The instant appeal is from a judgment dismissing some, but not all, of Mr. Baxter's claims--the claims relating to the custody matter--based on a lack of subject matter jurisdiction. Although the trial court granted a motion for appeal, the jurisdictional ruling is an interlocutory judgment under La. C.C.P. art. 1841. Article 1841 provides that " [a] judgment that does not determine the merits but only preliminary matters in the course of the action is an interlocutory judgment." La. C.C.P. art. 1841. " An interlocutory judgment is appealable only when expressly provided by law." La C.C.P. art. 2083 (C). The only express law [2015-0085 La.App. 4 Cir. 10] permitting an appeal of a judgment sustaining an exception of lack of subject matter jurisdiction as to one of multiple claims is La.
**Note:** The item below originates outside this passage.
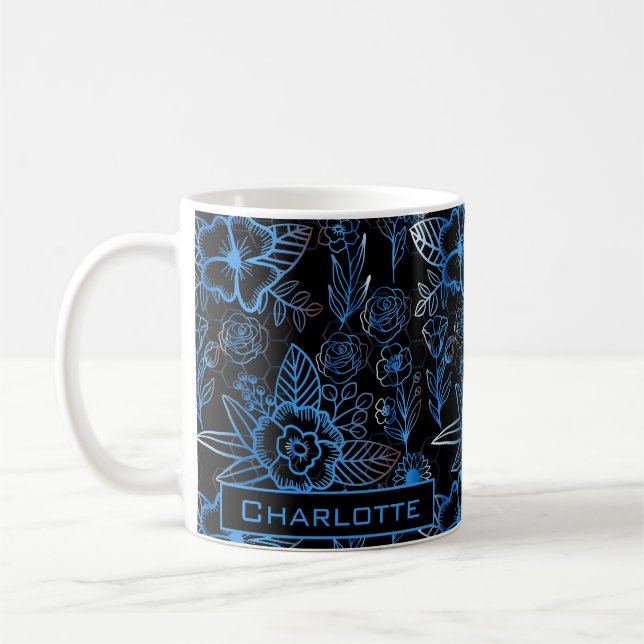 Big blossom floral pattern blue personalized name  coffee mug (Left)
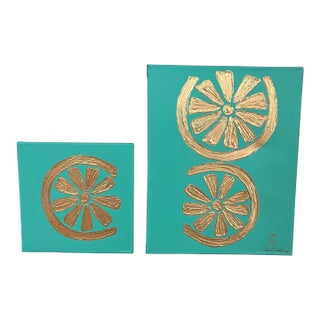 Coastal Citrus Collection Asymmetrical Oranges - Canvas Art, Designed by Cheryl P. Kohloff, 2 Pieces For Sale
C.C.P. art. 1915, which provides as follows:
When a court renders a partial judgment or partial summary judgment or sustains an exception in part, as to one or more but less than all of the claims, demands, issues, or theories against a party, whether in an original demand, reconventional demand, cross-claim, third-party claim, or intervention, the judgment shall not constitute a final judgment unless it is designated as a final judgment by the court after an express determination that there is no just reason for delay.
La. C.C.P. art. 1915 (B)(1).
No such designation appears in the record. Nor does Mr. Baxter assert that he has sought or obtained one. We therefore lack appellate jurisdiction.
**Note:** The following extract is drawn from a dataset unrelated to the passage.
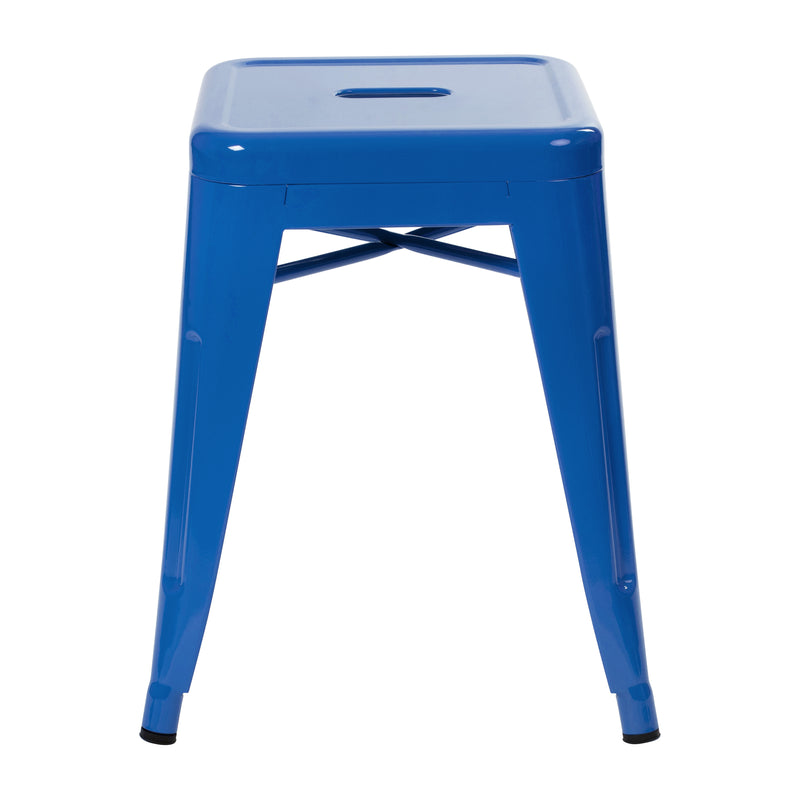 18" Table Height Stool, Stackable Backless Metal Indoor Dining Stool, Commercial Grade Restaurant Stool in Royal Blue - Set of 4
The proper procedural vehicle to seek review of an interlocutory judgment that is not immediately appealable is an application for supervisory writ. La. C.C.P. art. 2201. " [T]he decision to convert an appeal to an application for supervisory writs is within the discretion of the appellate courts." Stelluto v. Stelluto, 05-0074, p. 7 (La. 6/29/05), 914 So.2d 34, 39.
This court has exercised its discretion to convert an appeal of an interlocutory judgment into an application for supervisory writ when the following two circumstances both are present:
1. The motion for appeal has been filed within the thirty-day time period allowed for the filing of an application for supervisory writs under Rule 4-3 of the Uniform Rules, Courts of Appeal.
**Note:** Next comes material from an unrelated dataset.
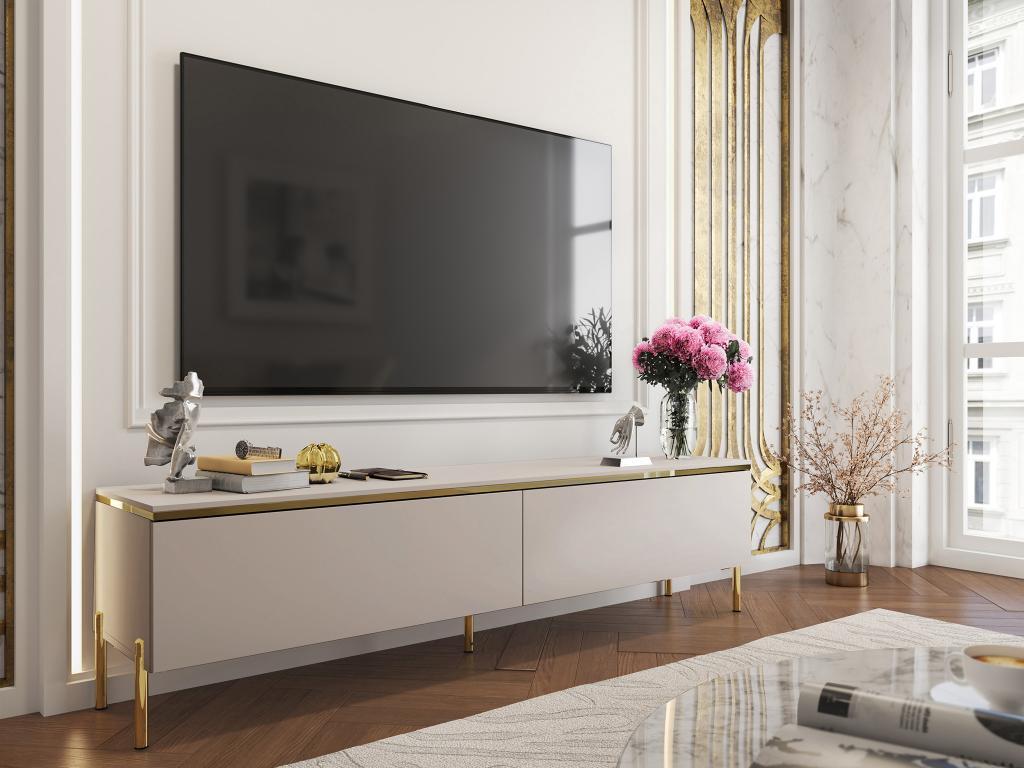 TV-Möbel mit 2 Türen - Beige & Goldfarben - VUKIA von Pascal Morabito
2. When the circumstances indicate that an immediate decision of the issue sought to be appealed is necessary to ensure fundamental fairness and judicial efficiency, such as where reversal of the trial court's decision would terminate the litigation.
Wadick v. General Heating & Air Conditioning, LLC, 14-0187, pp. 8-9 (La.App. 4 Cir. 7/23/14), 145 So.3d 586, 592-93. Both circumstances are present here.
[2015-0085 La.App. 4 Cir. 11] Mr. Baxter's appeal was filed within the thirty-day period allowed for filing a supervisory writ application. The ruling from which Mr. Baxter seeks review involves a child custody matter. Child custody matters generally require expedited consideration. See La. R.S. 13:1807 (providing that " [i]f a question of existence or exercise of jurisdiction under this Act is raised in a child custody proceeding, the question, upon request of a party, shall be given priority on the calendar and handled expeditiously." ). Indeed, as noted, subsequent to the jurisdictional ruling at issue, Ms. Baxter commenced a custody proceeding in Canada. We thus convert Mr. Baxter's appeal to an application for supervisory writ.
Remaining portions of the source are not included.